(Beginning of DATA)

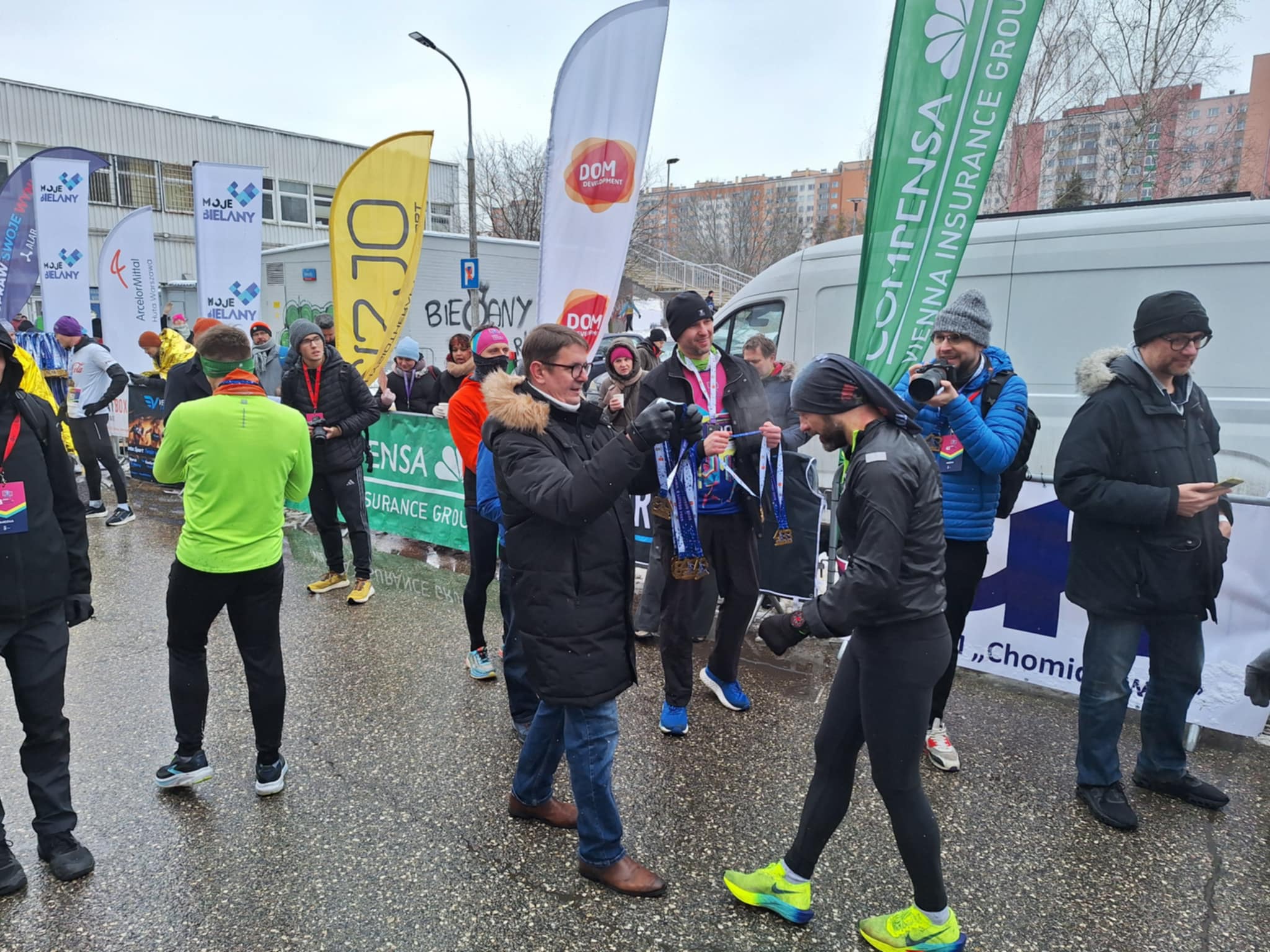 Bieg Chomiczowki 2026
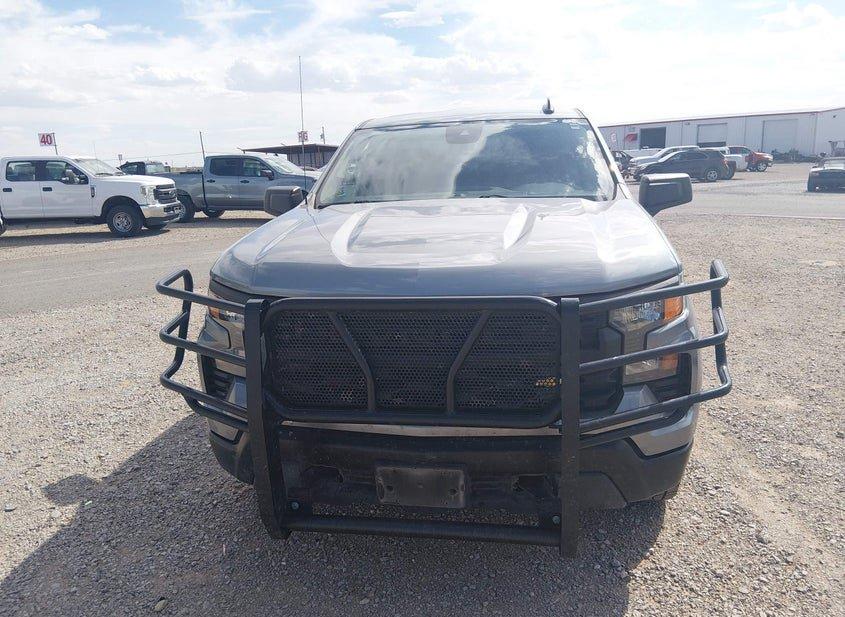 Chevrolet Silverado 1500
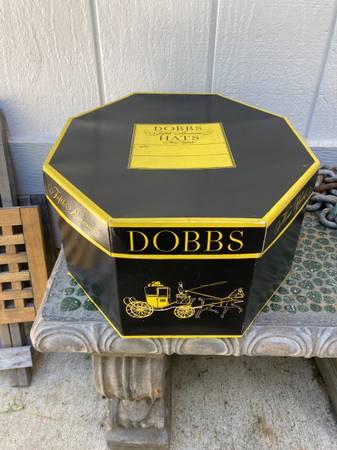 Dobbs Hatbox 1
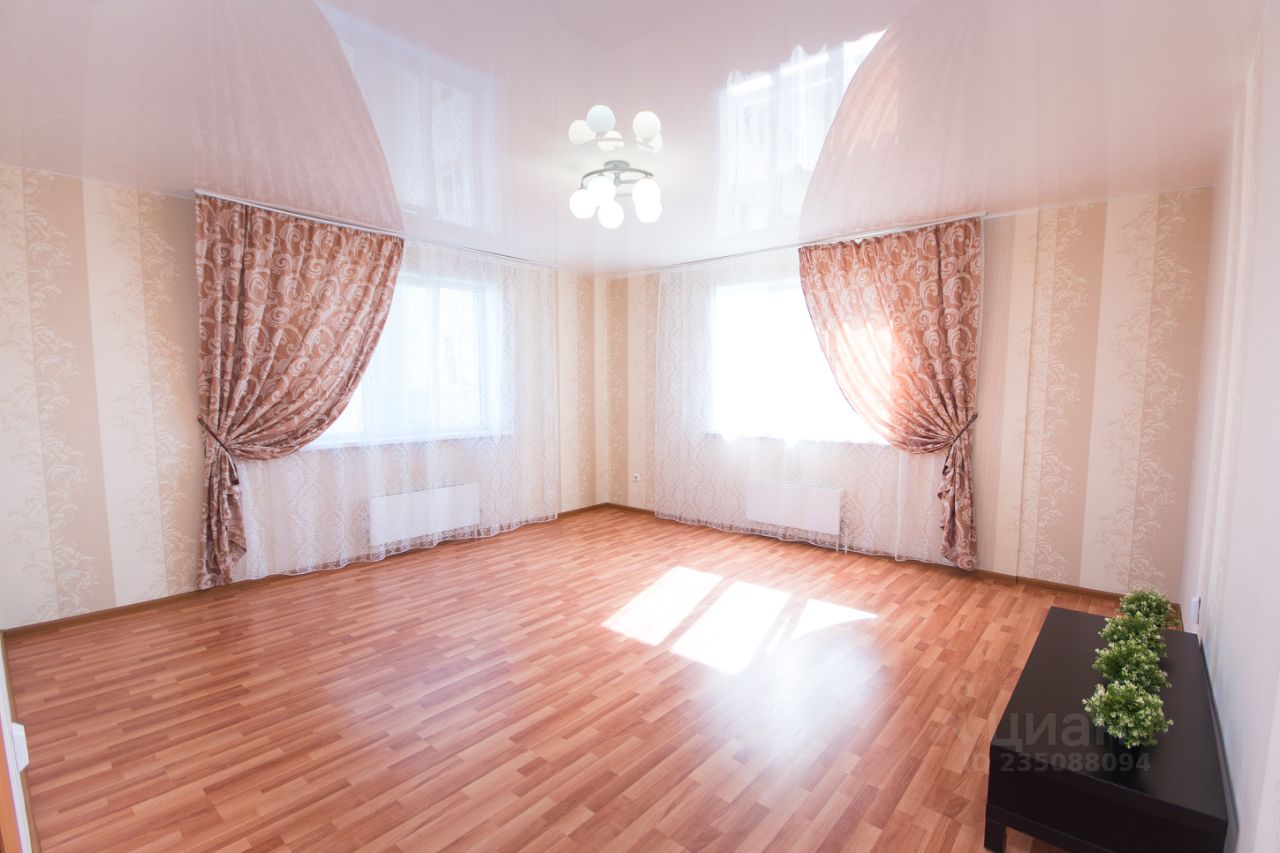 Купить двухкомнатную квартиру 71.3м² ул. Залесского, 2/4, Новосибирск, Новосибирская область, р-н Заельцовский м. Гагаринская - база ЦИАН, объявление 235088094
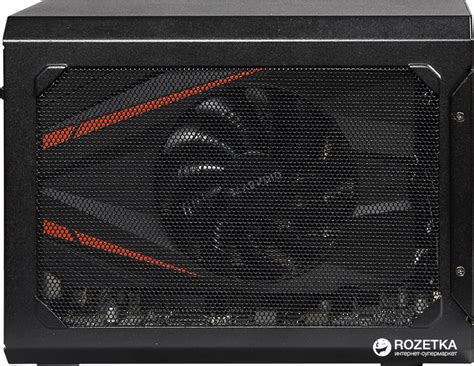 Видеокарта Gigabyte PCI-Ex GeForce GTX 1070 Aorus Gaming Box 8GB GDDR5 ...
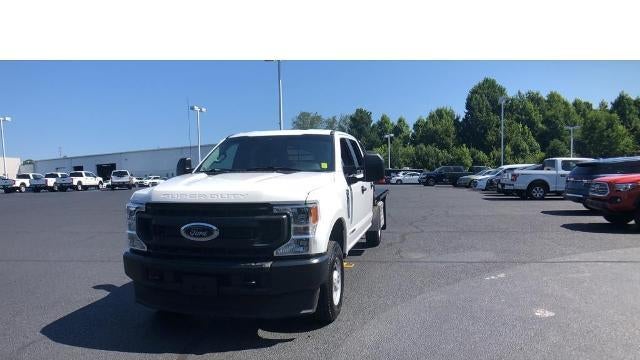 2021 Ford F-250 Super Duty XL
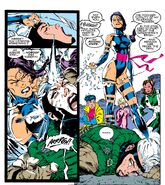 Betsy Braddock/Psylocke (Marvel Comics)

(End of DATA)

## [HOW TO COMPLETE THIS TASK]
Set the records down again exactly, and omit any picture in them.

## [EXERCISE RESULT]
 Bieg Chomiczowki 2026
 Chevrolet Silverado 1500
 Dobbs Hatbox 1
 Купить двухкомнатную квартиру 71.3м² ул. Залесского, 2/4, Новосибирск, Новосибирская область, р-н Заельцовский м. Гагаринская - база ЦИАН, объявление 235088094
 Видеокарта Gigabyte PCI-Ex GeForce GTX 1070 Aorus Gaming Box 8GB GDDR5 ...
 2021 Ford F-250 Super Duty XL
 Betsy Braddock/Psylocke (Marvel Comics)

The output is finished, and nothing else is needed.